Pour Kou Murayama, contacté par Le HuffPost, "les élèves ont tendance à penser qu'ils ne sont pas assez intelligents, mais je pense qu'il est important et plus productif de réfléchir aux stratégies d'apprentissage."
Ces stratégies d'apprentissage, ne sont évidemment pas uniquement l'apanage des élèves, mais bien des enseignants, et des parents. Et pour que les élèves se mettent au travail, encore faut-il les motiver.

Motivation intrinsèque
"Ce qui me paraît important", explique Kou, "c'est de développer la motivaton intrinsèque des élèves." Ce que Kou appelle la motivation intrinsèque, c'est l'envie de s'engager dans une tâche difficile par intérêt pour celle-ci mais aussi pour le plaisir et la satisfaction qui en découleront une fois qu'elle sera accomplie.

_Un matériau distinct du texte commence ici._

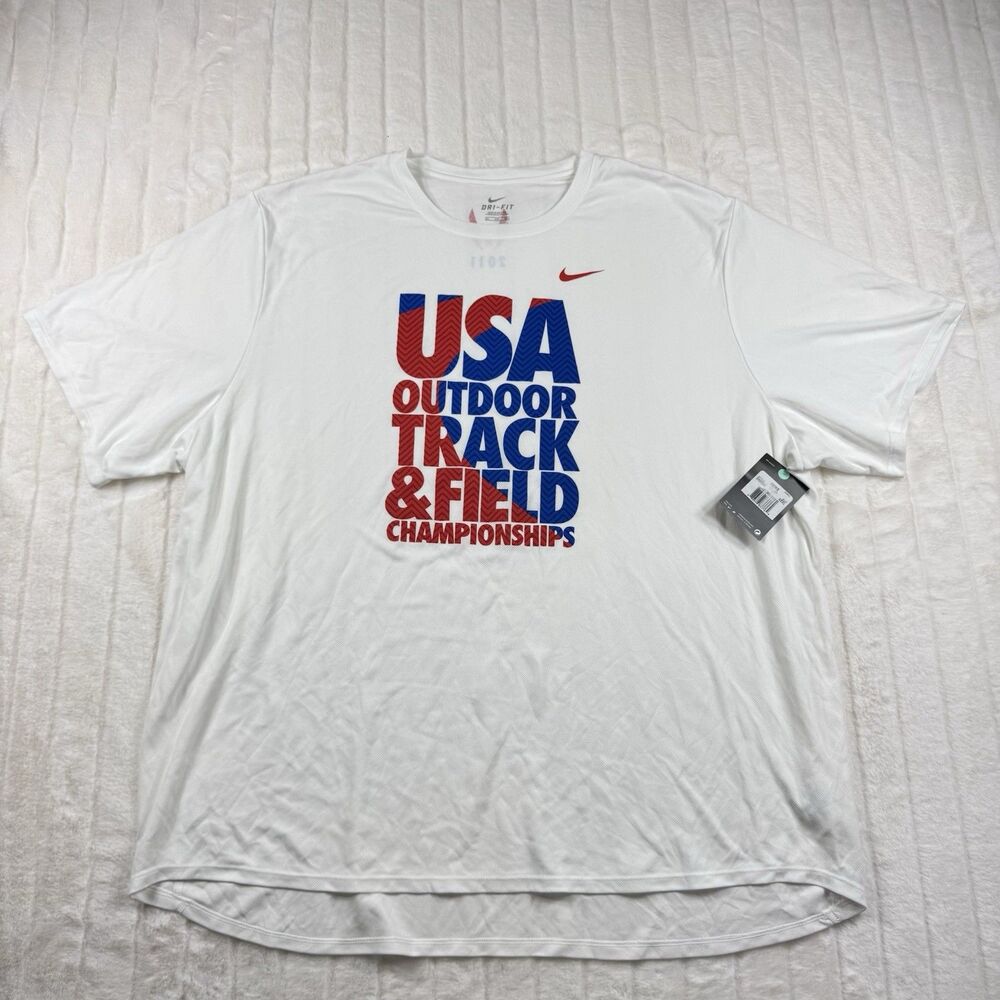 Nike USA Track Field Championship Dri Fit T-Shirt Men 3XL White Stretch 2011 NWT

Cette forme de motivation s'oppose à la motivation extrinsèque. "La motivation extrinsèque", explique Kou, "est la plus simple à mettre en oeuvre." Par exemple, on peut motiver les élèves en exposant leur rang par rapport aux autres ou les gronder quand ils ne travaillent pas bien. Pour lui ce ne sont évidemment pas les bonnes solutions.

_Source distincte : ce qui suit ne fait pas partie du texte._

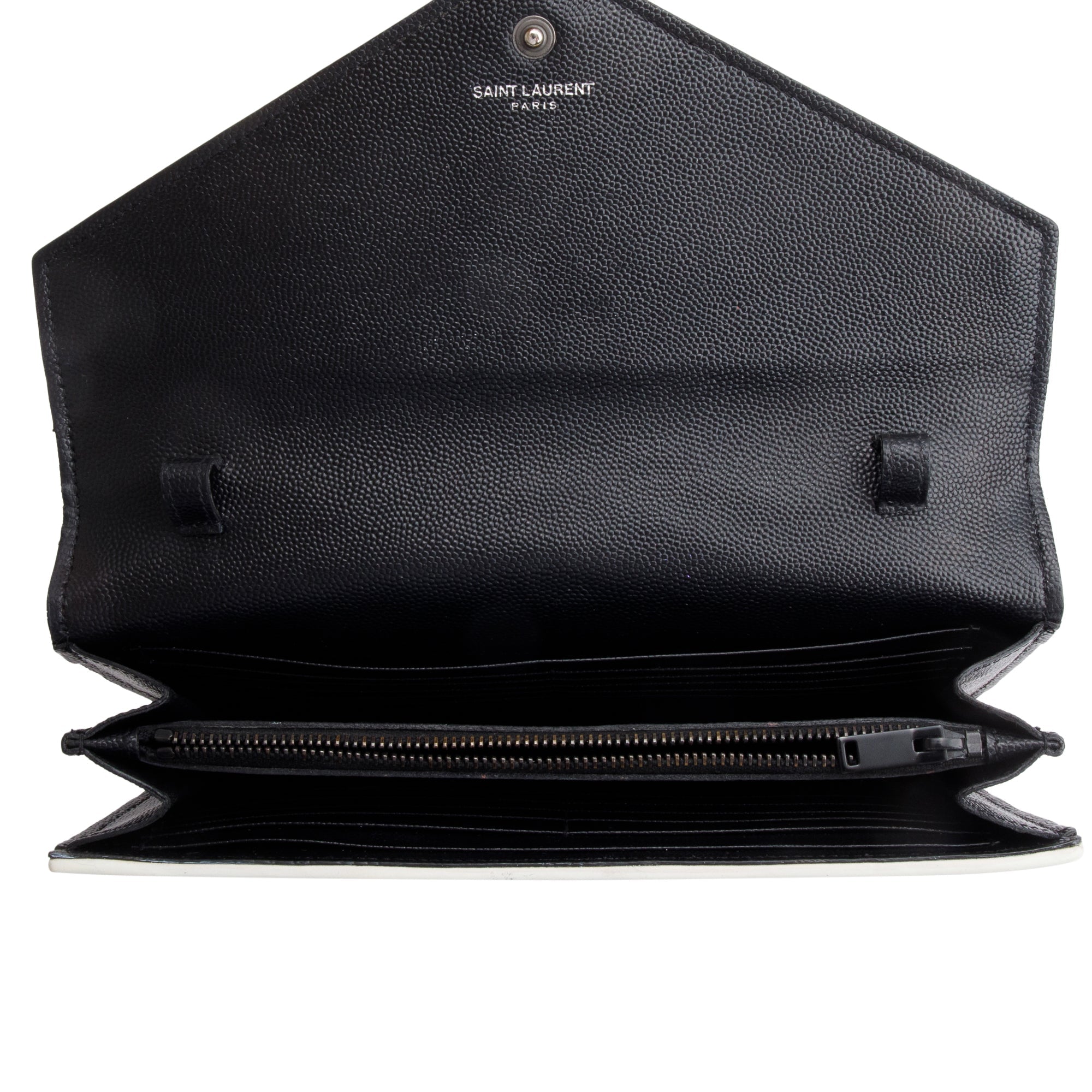 Saint Laurent Black Grained De Poudre White Contrast Trim Cassandre Matelasse Chain Wallet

"Notre étude a montré que les élèves doivent être intrinsèquement motivée, alors évidemment c'est difficile parce que les mathématiques sont une matière abstraite," rappelle Kou. Mais ce n'est certainement pas mission impossible. "Enseignants et parents pourraient, par exemple, davantage expliquer et faire ressentir aux élèves en quoi les mathématiques jouent un rôle important dans leur quotidien. L'idée est que les élèves fassent le lien entre ce qu'ils apprennent, leur avenir et la réalité de leur vie", explique Kou.

Avoir confiance
"De la même manière, on s'est rendu compte qu'avoir confiance en ses compétences est un facteur important de réussite en mathématiques". D'où, d'après le chercheur, la nécessité de procéder étape par étape. Mais aussi, lorsque cela se passe bien, de féliciter les élèves, même si leur réussite est minime. "On s'est rendu compte que le sentiment de réussite est un facteur très important de motivation intrinsèque", explique Kou.

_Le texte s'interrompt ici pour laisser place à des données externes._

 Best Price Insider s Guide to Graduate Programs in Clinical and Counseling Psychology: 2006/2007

L'intéressé sait d'ailleurs de quoi il parle. "En tant que psychologue ayant travaillé sur la motivation, je m'attendais évidemment à ce type de découverte," raconte-t-il. "Et quand j'étais plus jeune, j'étais vraiment nul en maths, jusqu'à ce qu'au bout d'un moment les difficultés se tassent, sans doute parce que j'ai appris à apprendre les mathématiques", conclut-il.
Apprendre à apprendre les mathématiques serait une condition sine qua non de la réussite en mathématiques. C'est aussi sûr que 2 et 2 font 4.